Without the pictures, write the listing out again exactly as it appears.

· · · · · · ·

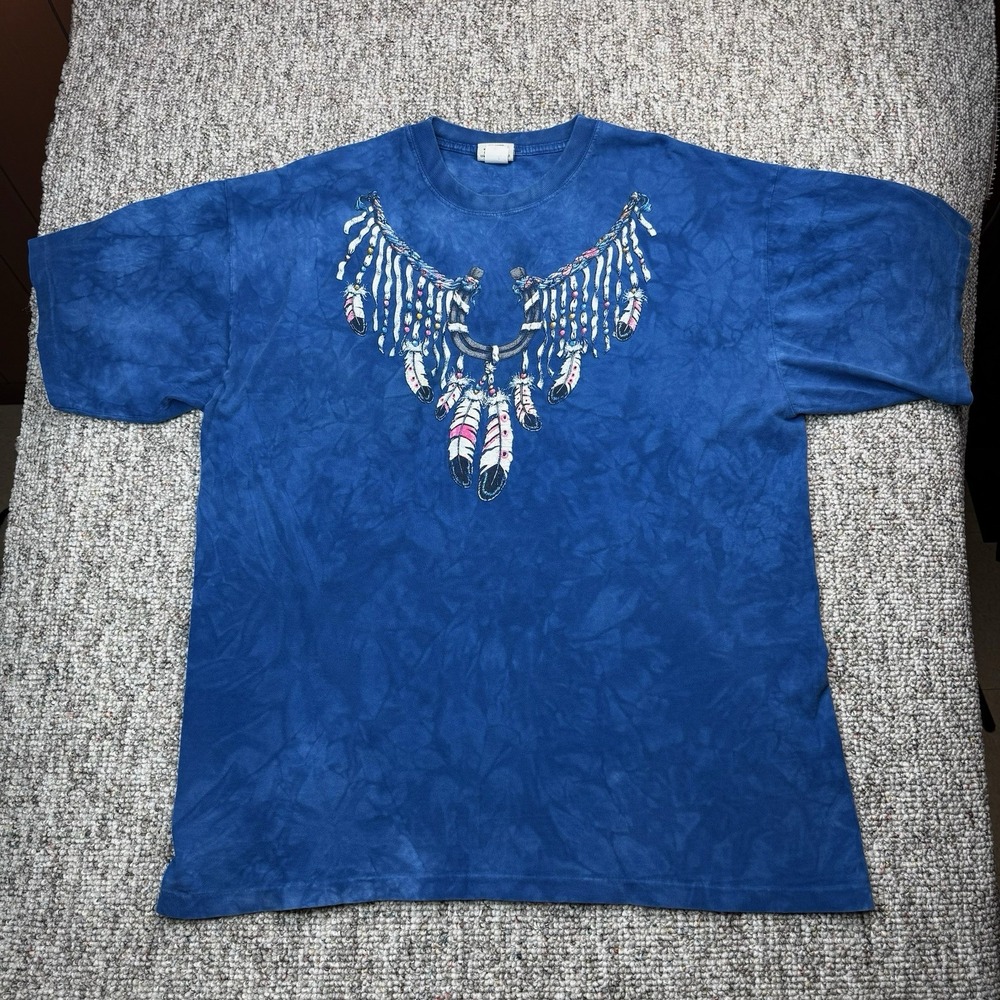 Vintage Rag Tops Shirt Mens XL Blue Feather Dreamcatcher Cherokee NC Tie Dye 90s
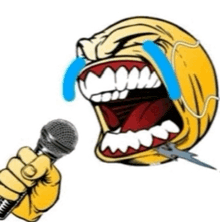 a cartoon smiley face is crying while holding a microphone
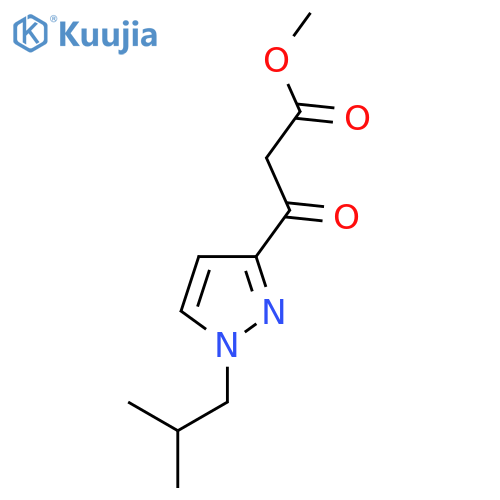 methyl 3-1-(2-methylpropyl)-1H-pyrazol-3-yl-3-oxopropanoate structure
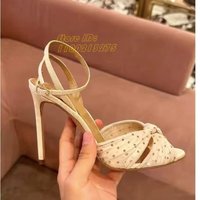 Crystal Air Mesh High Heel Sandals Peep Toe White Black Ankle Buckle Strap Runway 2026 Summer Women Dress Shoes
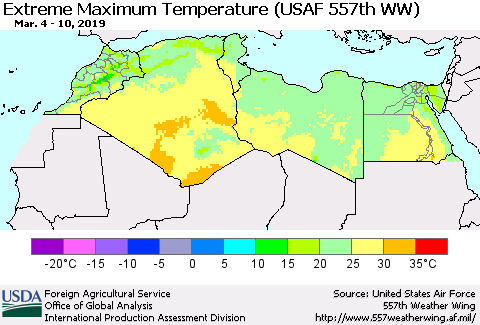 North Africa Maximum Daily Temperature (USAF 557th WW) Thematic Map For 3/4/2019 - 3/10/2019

· · · · · · ·

Exercise answer
 Vintage Rag Tops Shirt Mens XL Blue Feather Dreamcatcher Cherokee NC Tie Dye 90s
 a cartoon smiley face is crying while holding a microphone
 methyl 3-1-(2-methylpropyl)-1H-pyrazol-3-yl-3-oxopropanoate structure
 Crystal Air Mesh High Heel Sandals Peep Toe White Black Ankle Buckle Strap Runway 2026 Summer Women Dress Shoes
 North Africa Maximum Daily Temperature (USAF 557th WW) Thematic Map For 3/4/2019 - 3/10/2019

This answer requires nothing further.